If I'm an engineer working for Pubu, I probably will do the followings:

  1. Limit access to the API server to book buyers only.
  2. Enforce authentication on CloudFront to prevent unauthorized access.
  3. Rename all the files on CloudFront and use a secure pseudo-random number generator to generate long and secure random filenames.

I hope Pubu will fix this in the near future.

Appendix: the real page ID

We already know that the page ID is increased by 17 when the page number is increased by 1, but we still don't know why it is 17 instead of other numbers. One possible explanation is that the page ID we see is the real page ID multiplied by 17. (For clarity, I will refer to the real page ID as the page ID, and the page ID we saw earlier as the fake ID from now on.) Therefore, when the page ID is increased by 1, the fake ID is increased by 17. I took this guess because the affine cipher works this way.

In the affine cipher, the result is added or subtracted by an offset after the multiplication, which can also happen in our case here. After the multiplication, the number may be further added or subtracted by some offset to generate the fake ID. To figure out this offset, we will need to rely on the error message that shows: "the pageId value must greater than zero", which we already saw when we were figuring out the translation rules.

When we query the fake ID from 000 to 021, the API server will respond with the error message: "the pageId value must greater than zero". However, when we request the fake ID 022, the response is an HTTP error code 403.

Fake ID 021 is not greater than zero.
Fig. 8: Fake ID 021 is not greater than zero.
Fake ID 022 is greater than zero.
Fig. 9: Fake ID 022 is greater than zero.

From this result, we can see that page ID 1 is converted to 022, so the offset is 5. This means that the fake ID is the real page ID multiplied by 17 and then added by 5.

If you are not convinced by this simple experiment, keep reading.

Normally, the API server will treat the query as the fake ID of a page.
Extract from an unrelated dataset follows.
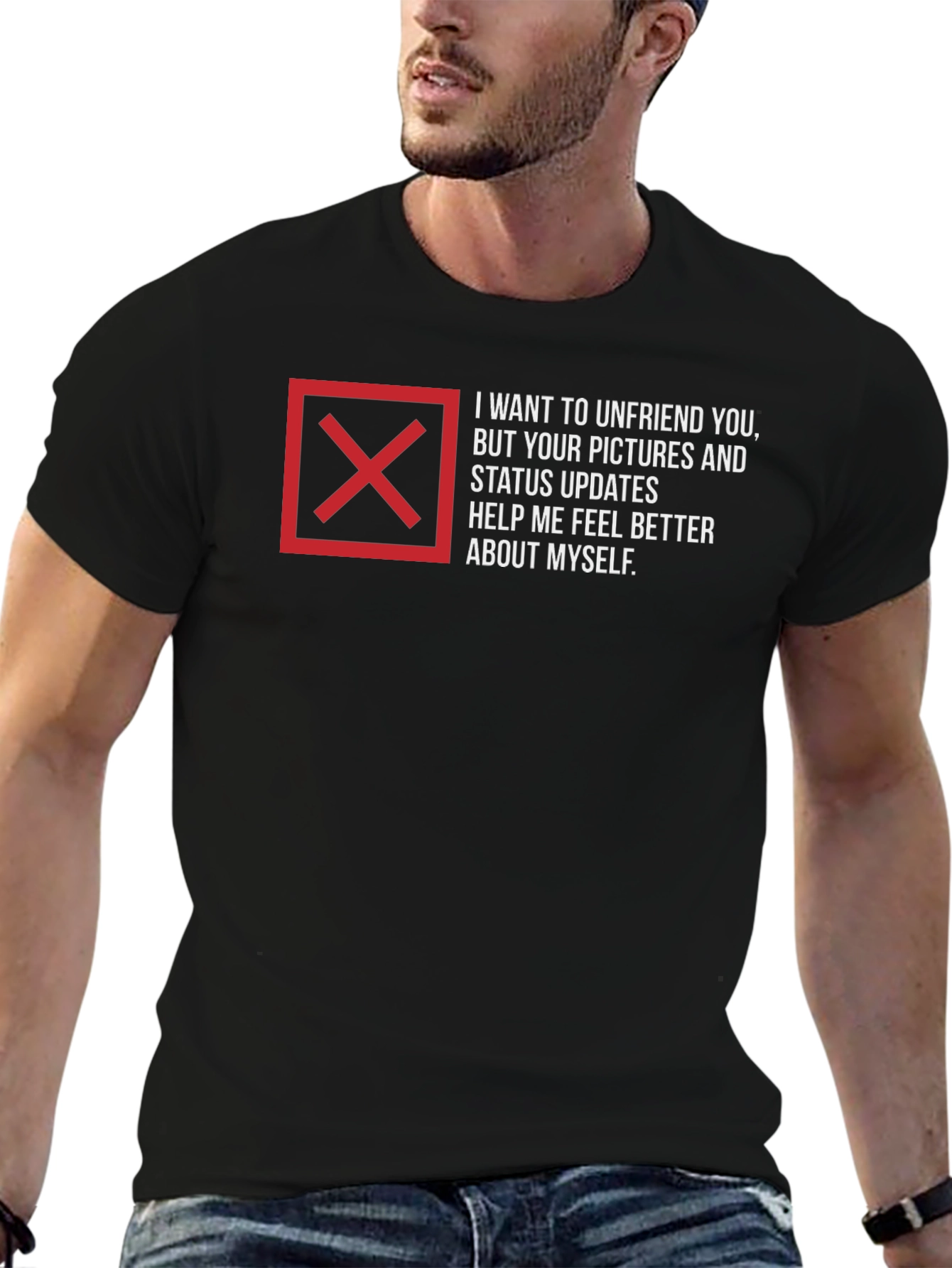 Unfriend Me T-Shirt - Funny Sarcastic Tee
However, I discovered that the API server will treat the query as the real page ID when the input of the query is less than 10000. Using this behavior, we can verify our calculation by:

  1. Query a page using the real page ID, say 3414.
  2. Convert the real page ID to a fake ID and query again.

If both the queries end up to be the same page, then our calculation must be correct.
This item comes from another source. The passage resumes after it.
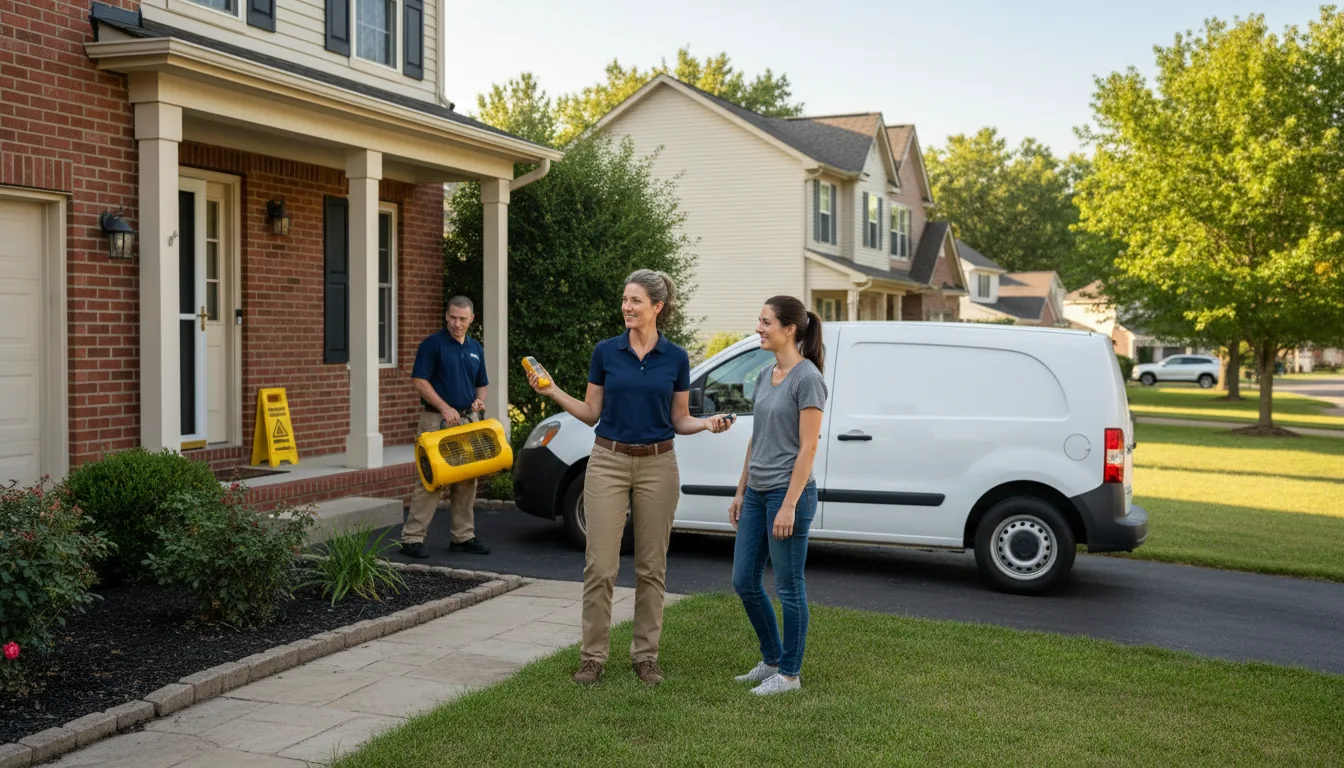 Residential water damage restoration in Heron, MT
When we query using the real page ID 3414, the API server will respond with the following page:

The response from the API server for page 3414.
Fig. 10: The response from the API server for page 3414.

Let's now convert 3414 to a fake ID. First, we multiply it by 17 and add it by 5, and the result will be 58043. After that, we move the first two digits (58) to the back, and now we have 04358. Finally, we translate the digits and add some redundant zeros into it, which will generate 0302090704. Let's see the response from the API server:

The response from the API server for the fake ID 0302090704.
Fig. 11: The response from the API server for the fake ID 0302090704.

The response matches with the query using the real page ID 3414, and this proves that our calculation is correct.